Menurut Diani, calon pimpinan KPK sebaiknya tidak berhenti pada syarat-syarat formal yang sudah banyak dipublikasikan dan tersebar di tengah masyarakat. Ia menambahkan, pada saat seleksi wawancara kelak, ia akan melihat apakah calon pimpinan tersebut memahami kondisi yang terjadi berikut aturan-aturan internal dan kode etik yang ditetapkan.
”Saya pengin kondisi riilnya itu dipahami benar-benar oleh calon pimpinan sehingga (ketika) dia terpilih nanti, enggak kaget gitu lho,” sebut Diani yang juga mendorong agar KPK mampu membina kepolisian agar lebih baik serta tetap menjaga independensi dan netralitas.
Loyalitas ganda
Tak hanya independensi dan integritas, Juru Bicara KPK Febri Diansyah berpendapat, pimpinan KPK yang terpilih diharapkan dapat mengatasi persoalan loyalitas ganda yang kini mendera lembaga.
”Pimpinan KPK yang memiliki loyalitas tunggal merupakan keniscayaan. Loyalitas pada pemberantasan korupsi, bukan pada kolega atau institusi sebelumnya ia bekerja,” ungkap Febri.
Ia pun berharap proses seleksi pimpinan KPK berjalan bersih sehingga menghasilkan pemimpin KPK yang berintegritas dan independen.
”Ini memang akan menjadi titik yang rawan tahun ini. Rawan bagi nasib pemberantasan korupsi ke depan jika proses seleksi ini gagal memilih orang yang tepat,” ujar Febri.
Sementara Donal Fariz dari ICW mengingatkan agar pansel tetap fokus menjaring calon pimpinan dengan mempertimbangkan rekam jejaknya dalam gerakan antikorupsi. Isu lain, seperti terorisme, lanjut Donal, bukan menjadi fokus utama sehingga harus dipahami pansel. Ia juga mengimbau kepada institusi yang ingin mengirimkan jajarannya, seperti kepolisian dan kejaksaan, agar tak menyodorkan calon yang bermasalah dan terafiliasi dengan pihak yang memiliki kepentingan untuk melemahkan KPK.

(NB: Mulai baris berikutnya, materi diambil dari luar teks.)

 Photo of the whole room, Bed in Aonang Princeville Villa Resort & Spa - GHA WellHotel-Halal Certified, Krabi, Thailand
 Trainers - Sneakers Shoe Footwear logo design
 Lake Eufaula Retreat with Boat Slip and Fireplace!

Mengutip laman media South China Morning Post di alamat scmp.com, tercantum frase ”Misi yang Hampir Mustahil” untuk menggambarkan tugas yang dipercayakan kepada Sir Jack Cater sebagai komisioner pertama Independent Commission Against Corruption (ICAC) Hong Kong pada tahun 1974.
Cater disebut sebagai sosok yang punya prinsip teguh, standar moral ketat, dan keyakinan kuat pada keadilan sosial. Praktik korupsi dalam sektor publik di Hong Kong pada tahun 1960-an dan 1970-an, sebagaimana dikutip dari laman resmi icac.org.hk, disebut merajalela. Misalnya saja, kru ambulan disebut akan menuntut diberikan ”uang teh” sebelum menjemput orang sakit.

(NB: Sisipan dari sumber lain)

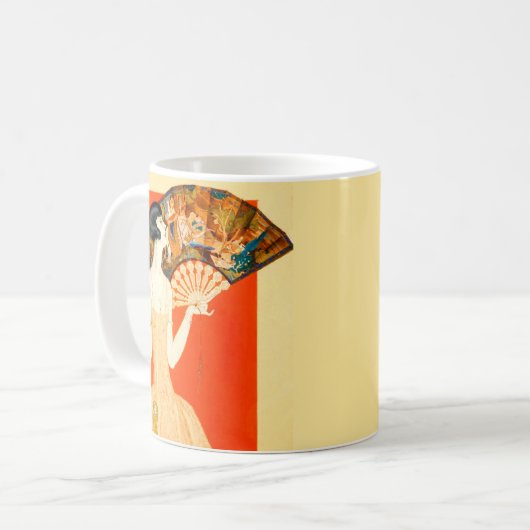 Mug dame art déco avec ventilateur (Devant gauche)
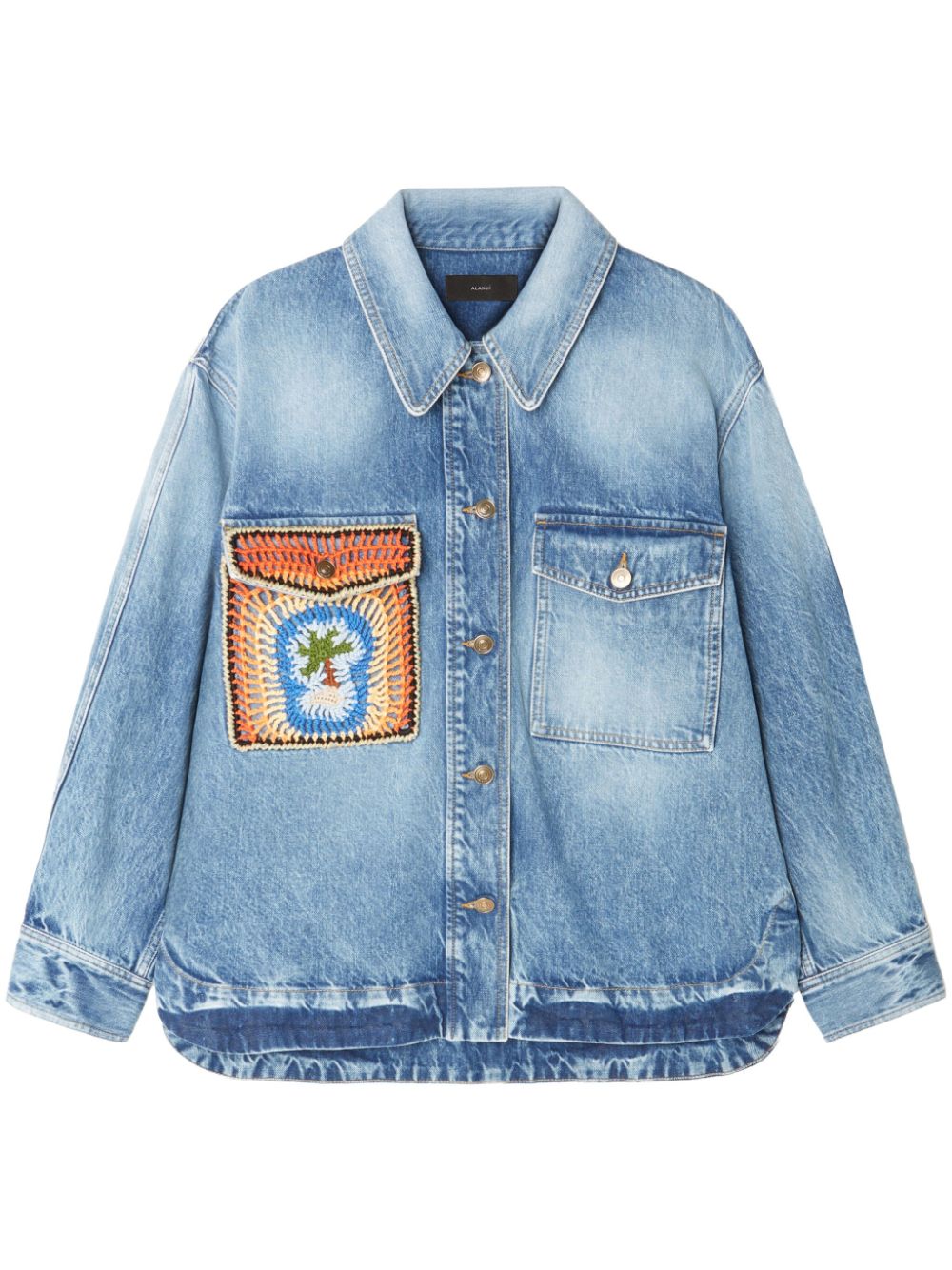 Sunny Crochet shirt - Blue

Di laman tersebut juga dituliskan bahwa korupsi juga telah menjadi persoalan serius di satuan kepolisian. Pada saat itu, hukum dan ketertiban berada di bawah ancaman. Konflik dengan institusi kepolisian di masa-masa awal ICAC juga cenderung terjadi. Mirip dengan KPK saat ini.
Namun ternyata, ”misi yang hampir mustahil” pada saat awal ICAC didirikan itu mampu dilakukan. Saat ini Hong Kong memiliki indeks persepsi korupsi yang cukup memuaskan. Pada 2018, Hong Kong di peringkat ke-14 dari 180 negara dengan indeks 76. Indonesia sendiri menduduki posisi ke-89 dengan indeks 38. Padahal, target dalam empat tahun ini, IPK Indonesia dapat melampaui skor 40.
Ya, rasanya tak mustahil melihat perjalanan Hong Kong yang jatuh bangun selama 65 tahun memberantas korupsi. Namun, apakah harapan Indonesia untuk bebas korupsi harus terperangkap dalam kotak pandora atau menunggu lebih dari setengah abad? Kinerja pansel pun dinanti. Jangan kecewakan kami!